In the world of Digital Content Distribution, battle lines are being drawn and companies are starting to shoot salvos across the bows of each other. At the AAP General Annual Meeting, representatives from Adobe, and Microsoft had their moments at the podium, and just a few blocks away, Google was making all kinds of noise as well.
At the AAP meeting, Bruce Chizen, CEO of Adobe, was asked about what kept him up at night. His response was “Microsoft, Microsoft, Microsoft, and, ah… Microsoft”. He went on to explain that Microsoft was this $50 Billion behemoth who might see that Adobe was starting to eat their lunch when it came to some of the products they were offering. Adobe, is a $3 Billion company whose products can be found on virtually every personal computer in the world. I thought that he was going to say that he was worried Microsoft would just outright purchase Adobe, but he didn’t.
What Bruce did go on to say was that Google serves as an enormous “heat shield” that distracts Microsoft from worrying about Adobe, and that allows him some measure of rest at night.
Later in the day, Bruce’s comments were validated by Tom Rubin of Microsoft, (click this link for the full text of his speech) who was there to talk about the Live Book Search program. Tom repeatedly said that he wasn’t there to attack Google, but anyone in the audience could literally feel the antagonism coming from Mr. Rubin as the name ‘Google’ crossed his lips. His main argument was that Google pays no attention to the rights of copyright holders, while Microsoft does. He also slammed their business model by essentially saying that Google will take publishers content and essentially put ads around it to monetize that content. Microsoft says that their approach is more altruistic, working with publishers to jointly make money by facilitating the sales of both traditional books as well as e-books.
Meanwhile at the Book Business show (formerly known as BookTech), Jim Gerber of Google was trashing Microsoft. I wasn’t there for that one, but as I understand it the gist is that Google feels that they are bringing more visitors to a publishers books through their program than Microsoft, and it isn’t costing the publisher a penny. This was covered in PW and Publishers Lunch.

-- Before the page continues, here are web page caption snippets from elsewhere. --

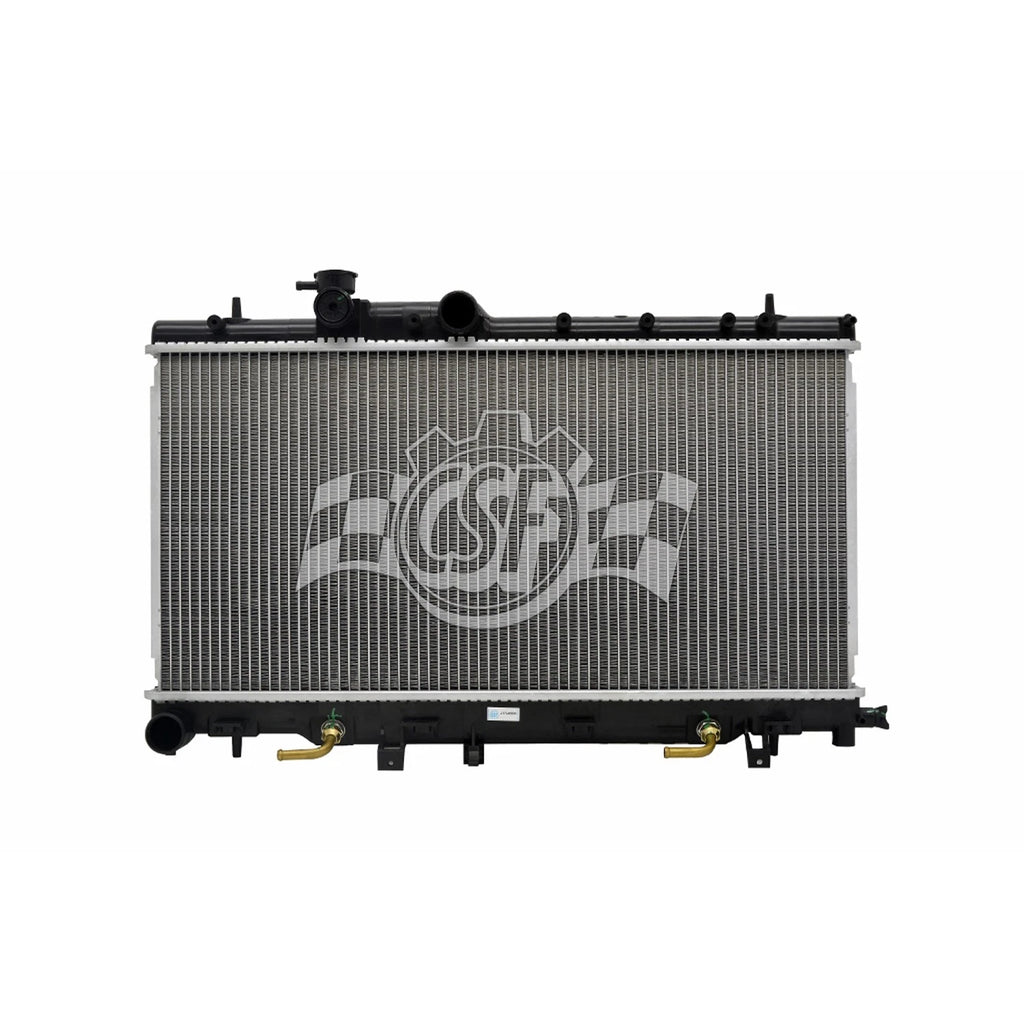 Replacement Radiator Repair Part For 2002-2005 Subaru Impreza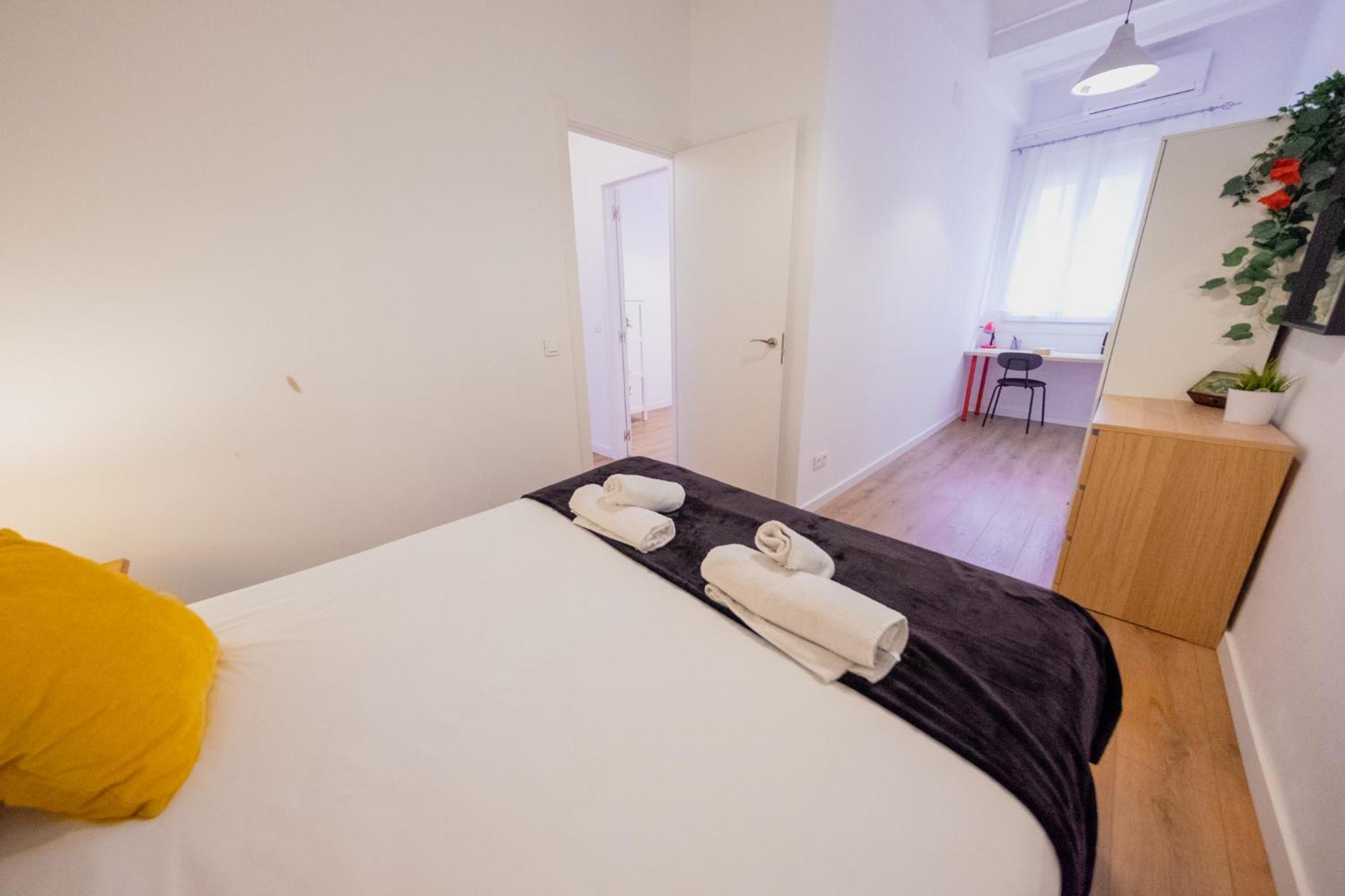 Apartment Rentbcn Paseo De Gracia Barcelona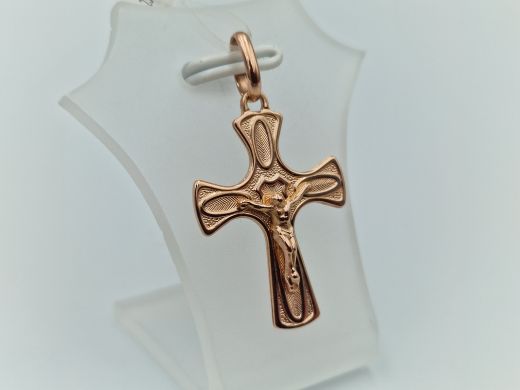 Золотой кулон, 2.42 г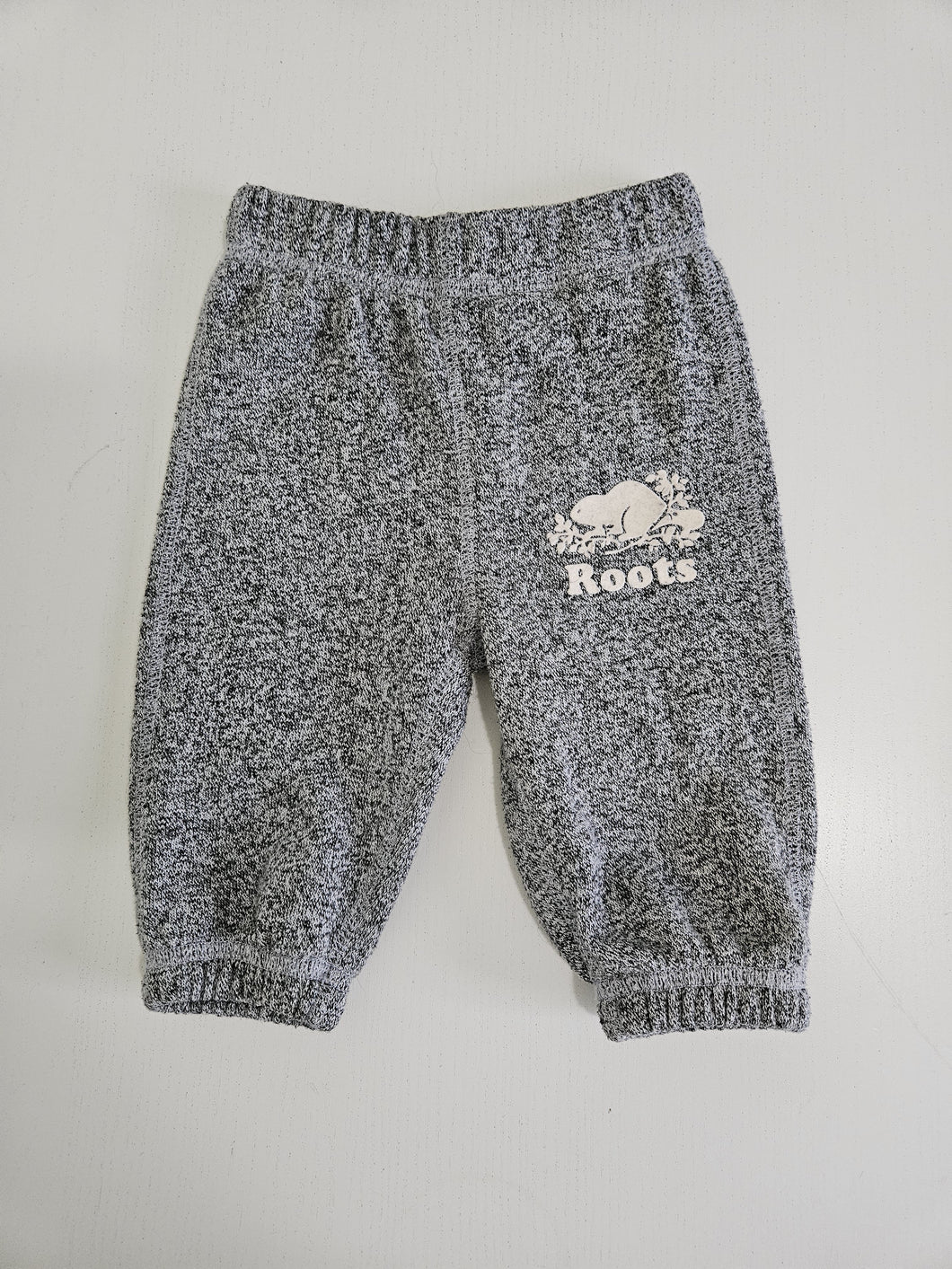 ROOTS • Salt & Pepper Jogger Pants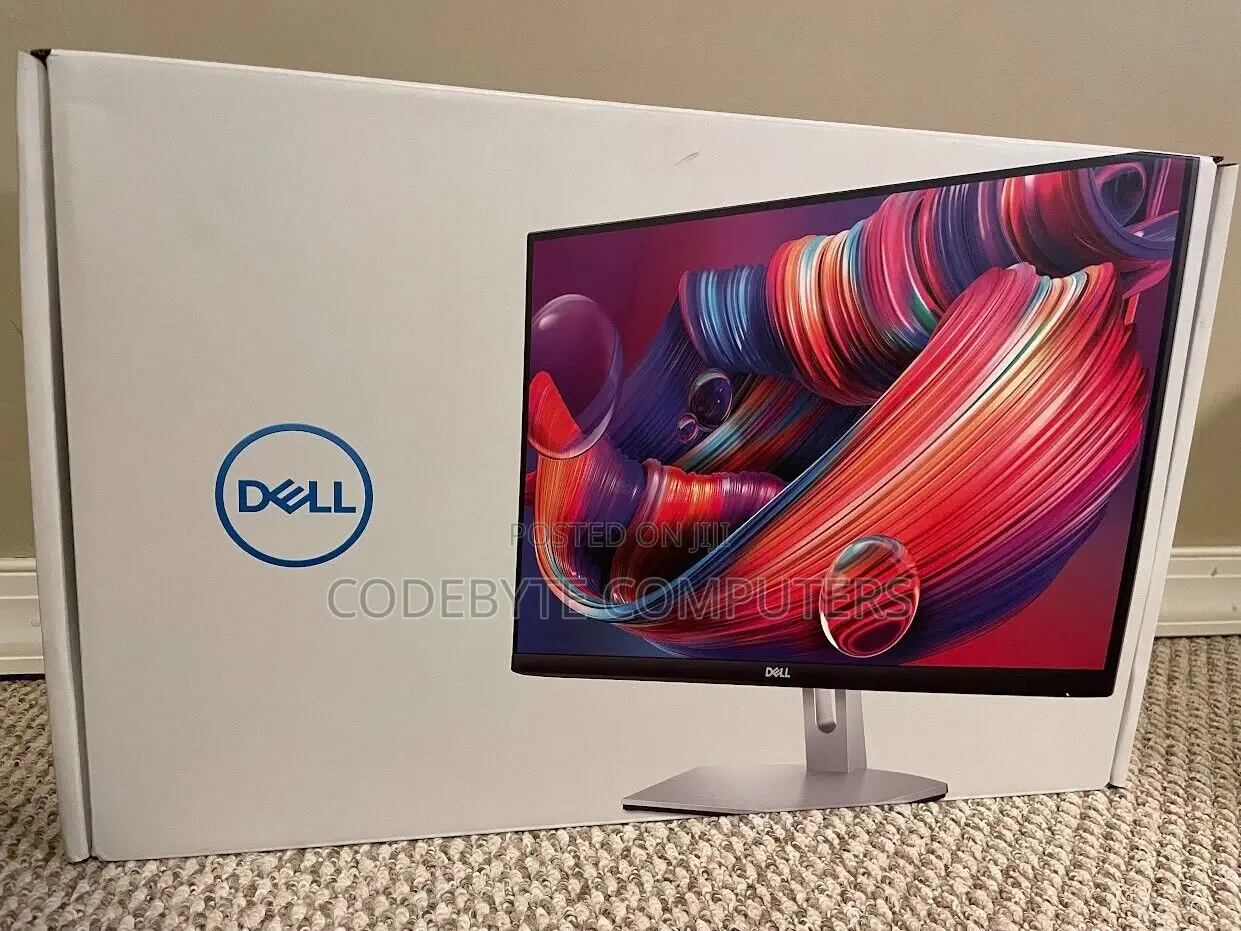Dell S2421HN 24" IPS LED Monitor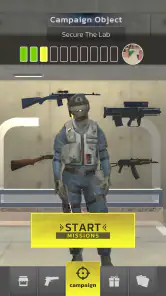 SWAT Tactical Shooter screenshot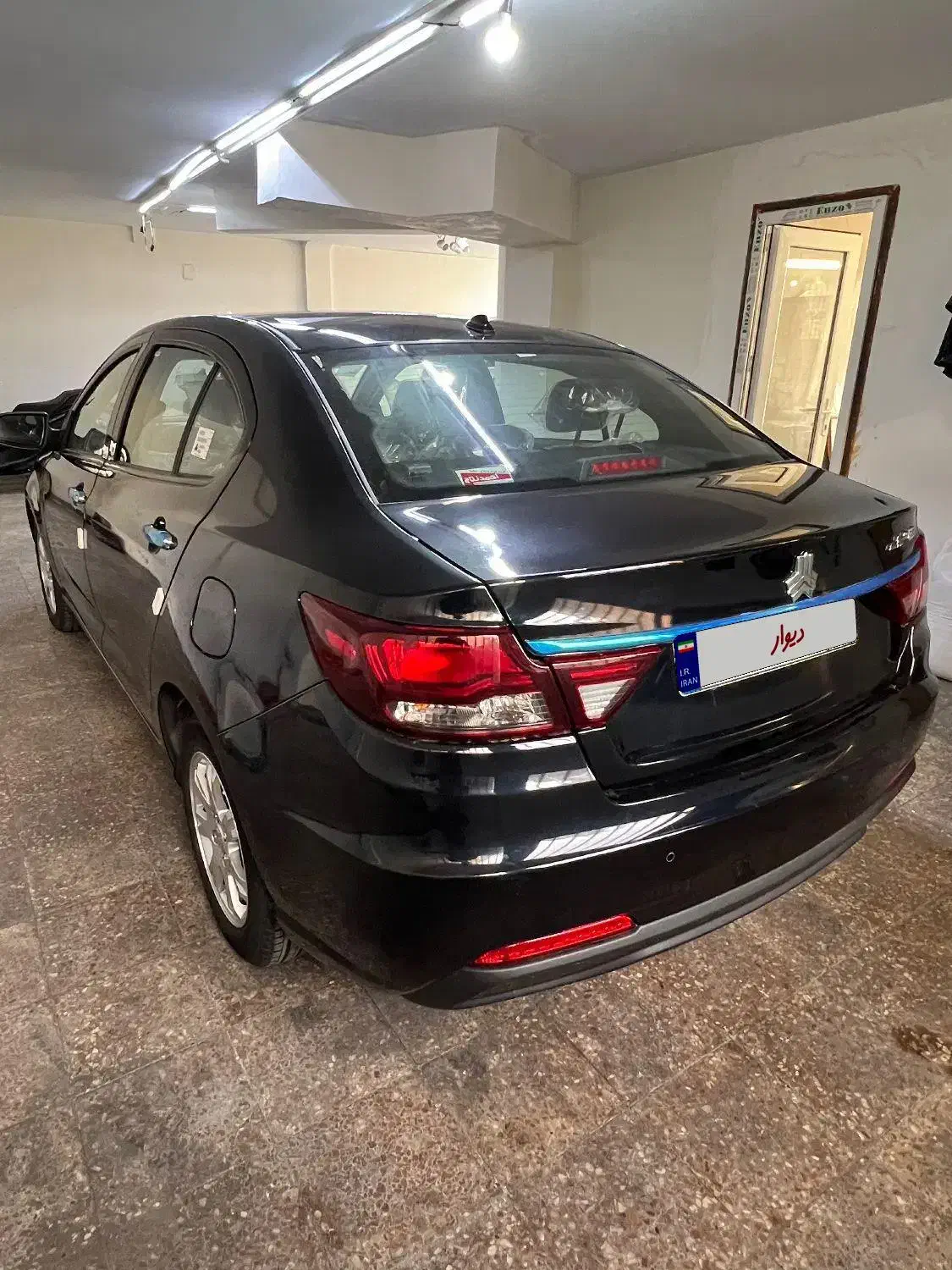 شاهین G اتوماتیک CVT - 1404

In a world where publishers are going to have to deal with all of these companies, and also Amazon, and Yahoo! when it comes to distributing their content, none of this cross-town bickering bodes well. In order to deal with them all, some semblance of data transmission standards will need to be in place, but from the looks of things, it doesn’t appear that we’ll be able to get most of these folks around the same table.